First time buyers accounted for 32% of sales in February, down from 33% in January but up from 30% a year ago. NAR research shows that during 2016 it averaged 35%.

But investors are making up an above average share of the market and Yun said that affordability constraints are holding back potential first time buyer who are currently renting and that means demand for rental homes will remain solid and fuel the interest of property investors. He added that the ability of investors to pay cash means that they are in competition with first time buyers.

A breakdown of the figures show that single family home sales fell 3% in February and are now 5.8% above a year ago. The median existing single family home price was $229,900, up 7.6% from February 2016.

Existing condominium and co-op sales fell by 9.2% but are still 1% higher than a year ago and the median existing condo price was $216,100, up 8.2% above a year ago.

In February existing home sales in the Northeast fell 13.8% but are still 1.5% above a year ago.
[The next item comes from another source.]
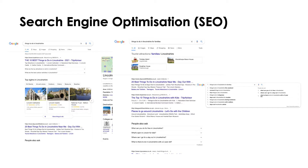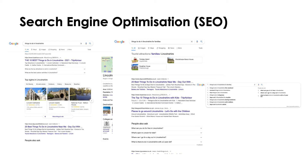With your search engine optimisation it's really important to think about what your niche is — what are you offering your customers or potential visitors? Someone might start with a broad search like 'things to do in Lincolnshire', do some research, and then refine it to something more specific like 'things to do in Lincolnshire for families'. It's about being present when people get to that transactional stage of their search.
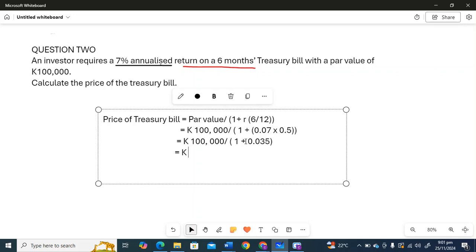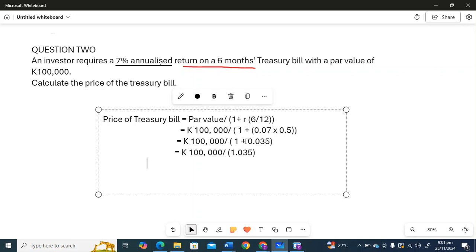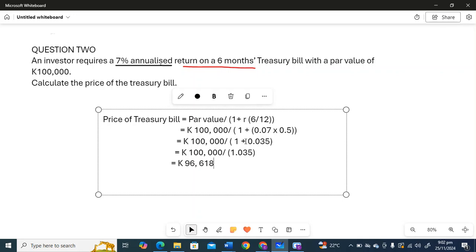So I'm going to say 100,000 divided by 1.035. So we get 96,618. We'll just leave it as a rounded figure.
The median price in the Northeast was $250,200, up 4.1% from February 2016 while in the Midwest, existing home sales fell 7% but are still 2.6% above a year ago with a median price of $171,700, up 6.1% year on year.

Existing home sales in the South increased 1.3% and are 5.9% above February 2016 with a median price of $205,300, up 9.6% year on year and in the West sales decreased 3.1% but are 9.6% above a year ago with a median price of $339,900, up 9.6% year on year.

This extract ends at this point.